Task statement: In the material below, the required lines run from the one containing "Page 42 Chapter 66 Pastel" through the one containing "1G1AM18B067632039 - 2006". Copy those lines exactly, ends included, and nothing else.

Information:
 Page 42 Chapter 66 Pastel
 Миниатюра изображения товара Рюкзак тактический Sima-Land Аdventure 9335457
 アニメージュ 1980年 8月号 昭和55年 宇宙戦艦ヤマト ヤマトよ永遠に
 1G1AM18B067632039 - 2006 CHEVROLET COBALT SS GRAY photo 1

--

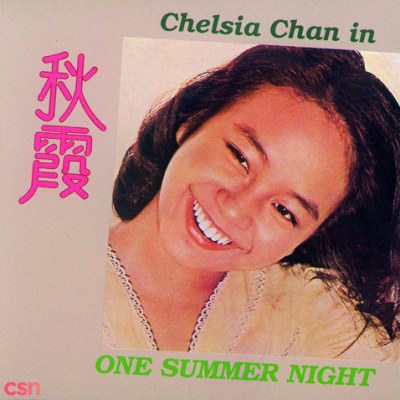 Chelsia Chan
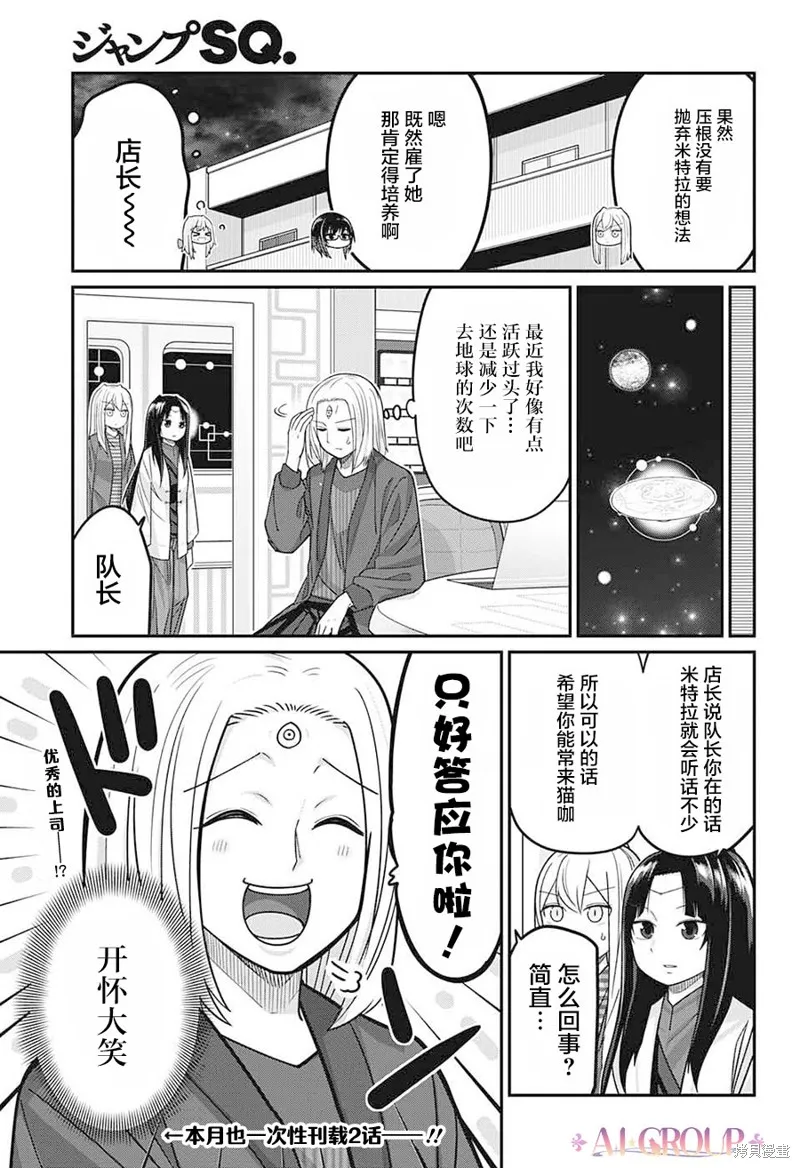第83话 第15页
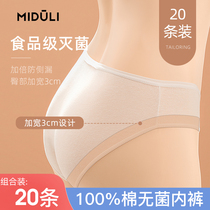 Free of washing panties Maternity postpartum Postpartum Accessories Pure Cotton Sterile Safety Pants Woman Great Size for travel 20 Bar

--

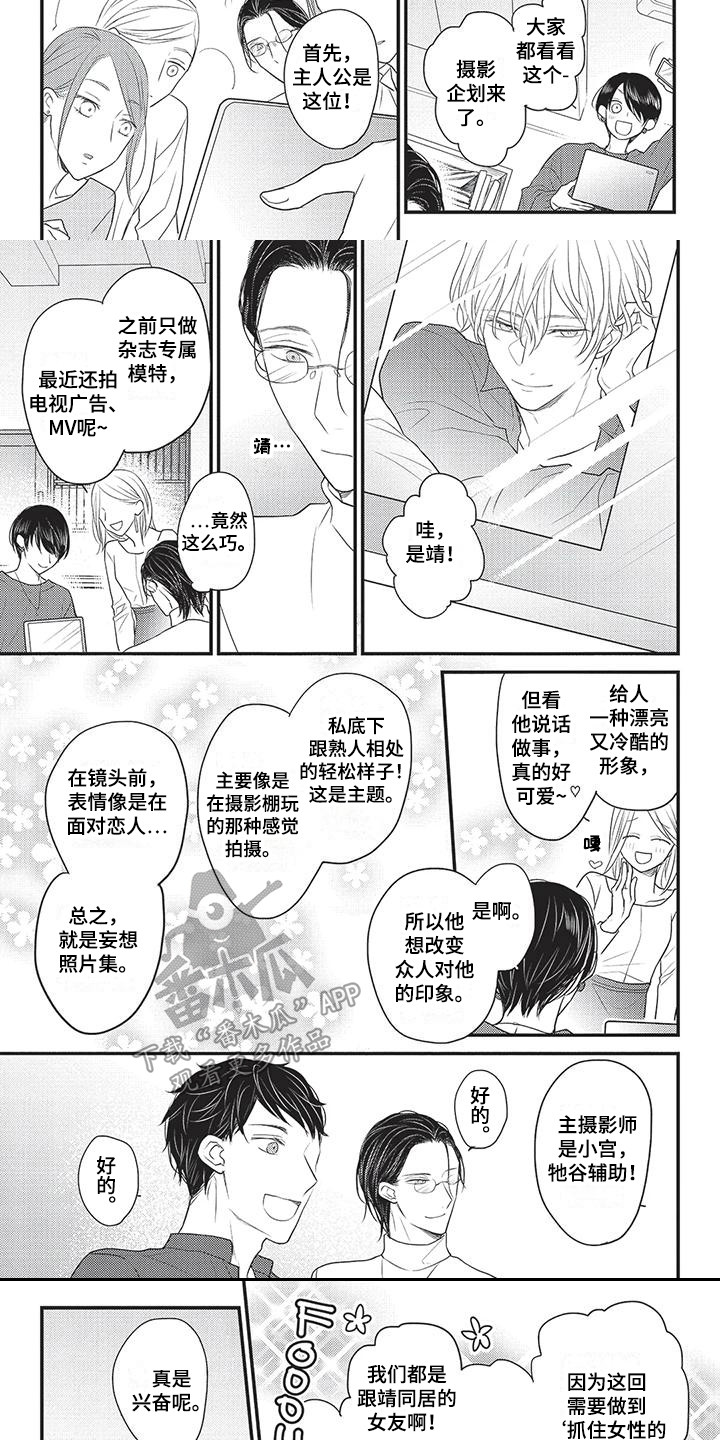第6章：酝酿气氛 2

Your solution:
 Page 42 Chapter 66 Pastel
 Миниатюра изображения товара Рюкзак тактический Sima-Land Аdventure 9335457
 アニメージュ 1980年 8月号 昭和55年 宇宙戦艦ヤマト ヤマトよ永遠に
 1G1AM18B067632039 - 2006 CHEVROLET COBALT SS GRAY photo 1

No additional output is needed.